Load Bytes Per Second

Display the current write task's rate, reflected by data size.

Finished Load Tasks

Display the number of tasks completed in the recent period. A sharp increase or decrease might indicate a business anomaly.

Alert Overview

In addition to SMS alert notifications, VeloDB Cloud provides monitoring and alerting services at no additional charge.

You can configure alert rules to be notified when cluster monitoring metrics change.

Alert Configuration

View Alert Rules

You can view existing alerting rules and their current alerting status on the list page.

"Red dot" means the alert rule is in effect, and "green dot" indicates the current alert rule is not triggered.

New/Edit Alert Rule

You can create an alert rule by clicking New Alert Rule or copying an existing one. You can also modify a current alert rule.

The alert rule configuration consists of four parts.

Rule Name

You can customize the rule name, which must be unique within the warehouse.

Cluster

You can specify the cluster for which the alert rule is in effect. When a cluster is deleted, its alert rules will not be deleted but invalidated.

Conditions

You can set one or more rules for metrics to be met and how these conditions are combined (and, or).

In Last

"In Last" means the duration of time to meet the conditions. You should set this time appropriately to balance between timeliness and accuracy of alerts.

Channel

You can set one or more notification channels, and the alert messages will be pushed through the channels you set respectively.

In-site Notification

Configuration method: Select user.

Email

Configuration method: Select user.

SMS

Configuration mode: Select user / fill in cell phone numbers.

WeCom

Configuration method: fill in the robot webhook.

  1. On WeCom for PC, find the target WeCom group for receiving alarm notifications.
  2. Right-click the WeCom group. In the window that appears, click Add Group Bot .
  3. In the window that appears, click Create a Bot .
  4. In the window that appears, enter a custom bot name and click Add .
  5. Copy the webhook URL.

NOTE If you need to restrict message sources, please set up IP whitelist. VeloDB Cloud server IP address is 3.222.235.198.

Lark

Configuration method: fill in the robot webhook.

To make a custom bot instantly push messages from an external system to the group chat, you need to use a webhook to connect the group chat and your external system. Enter your target group and click Settings > BOTs > Add Bot . Select Custom Bot . Enter a suitable name and description for your bot and click Next .

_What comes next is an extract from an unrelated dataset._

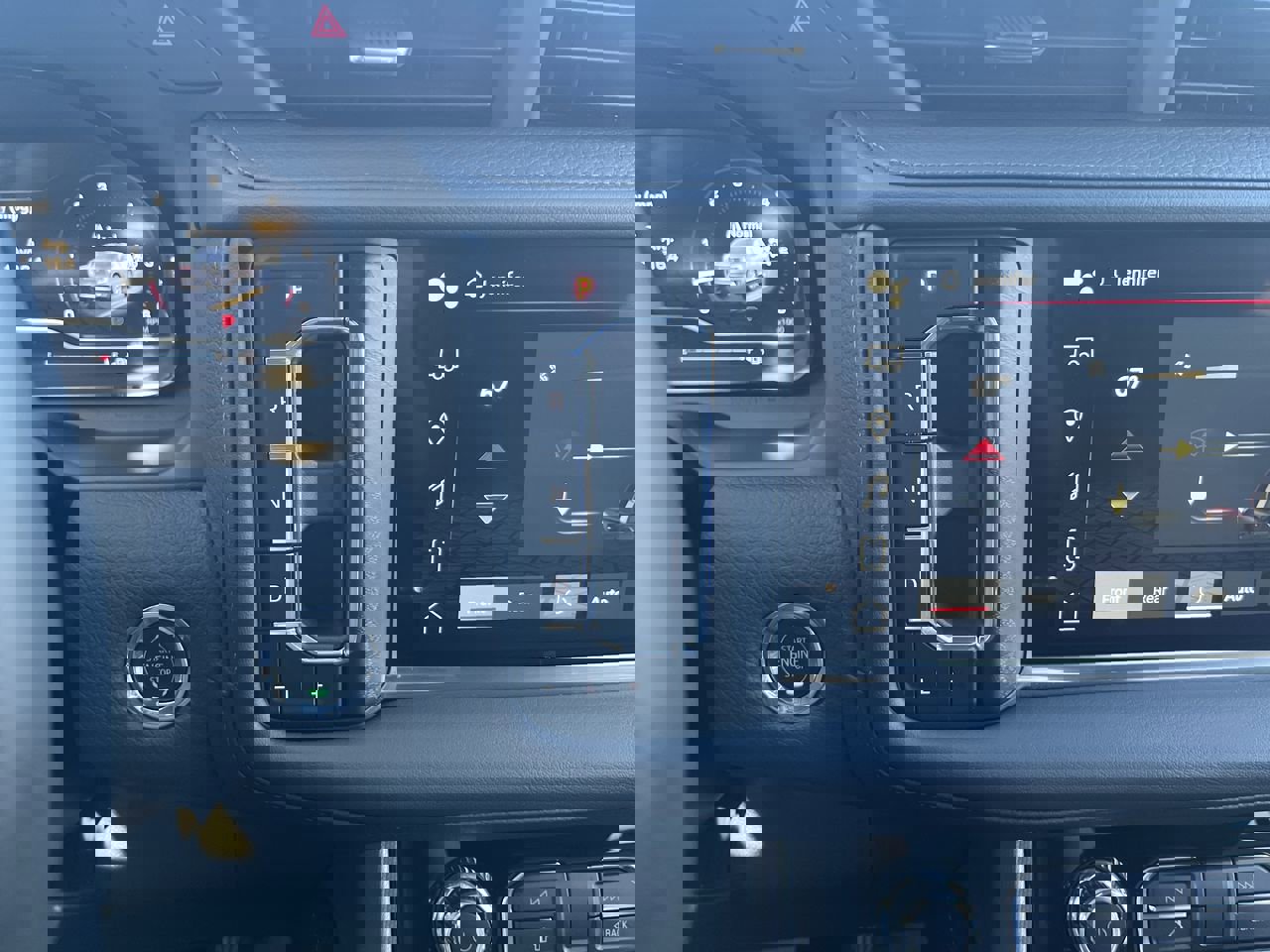 Used 2023 GMC Yukon Denali image 28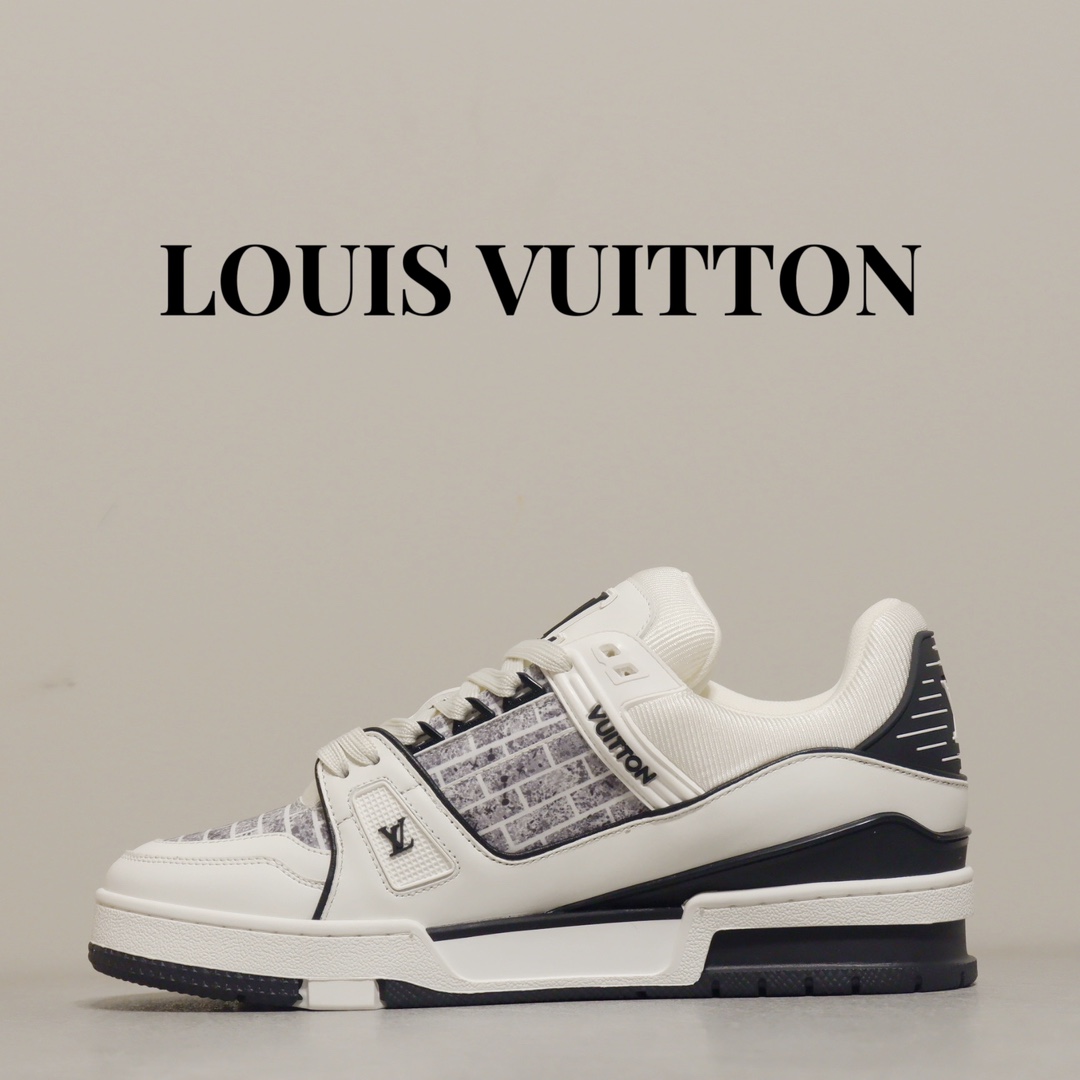 LOUIS VUITTON TRAINERS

You'll then get the webhook URL.


NOTE If you need to restrict message sources, please set up IP whitelist. VeloDB Cloud server IP address is 3.222.235.198.

DingTalk

Configuration method: fill in the robot webhook.

To get the DingTalk robot webhook, please see here (opens in a new tab)

  1. Run the DingTalk client on a PC, go to the DingTalk group to which you want to add a chatbot, and then click the Group Settings icon in the upper-right corner.
  2. In the Group Settings panel, click Group Assistant .
  3. In the Group Assistant panel, click Add Robot .
  4. In the ChatBot dialog box, click the + icon in the Add Robot section. Then, click Custom .
  1. In the Robot details dialog box, click Add .
  2. In the Add Robot dialog box, perform the following steps:

NOTE If you need to restrict message sources, please set up IP whitelist. VeloDB Cloud server IP address is 3.222.235.198.

  1. Set a profile picture and a name for the chatbot.
  2. Select Custom Keywords for the Security Settings parameter. Then, enter alert .
  3. Read the terms of service and select I have read and accepted DingTalk Custom Robot Service Terms of Service .
  4. Click Finished .
  5. In the Add Robot dialog box, copy the webhook address of the DingTalk chatbot and click Finished .

View Alert History

You can view the alert history and filter it.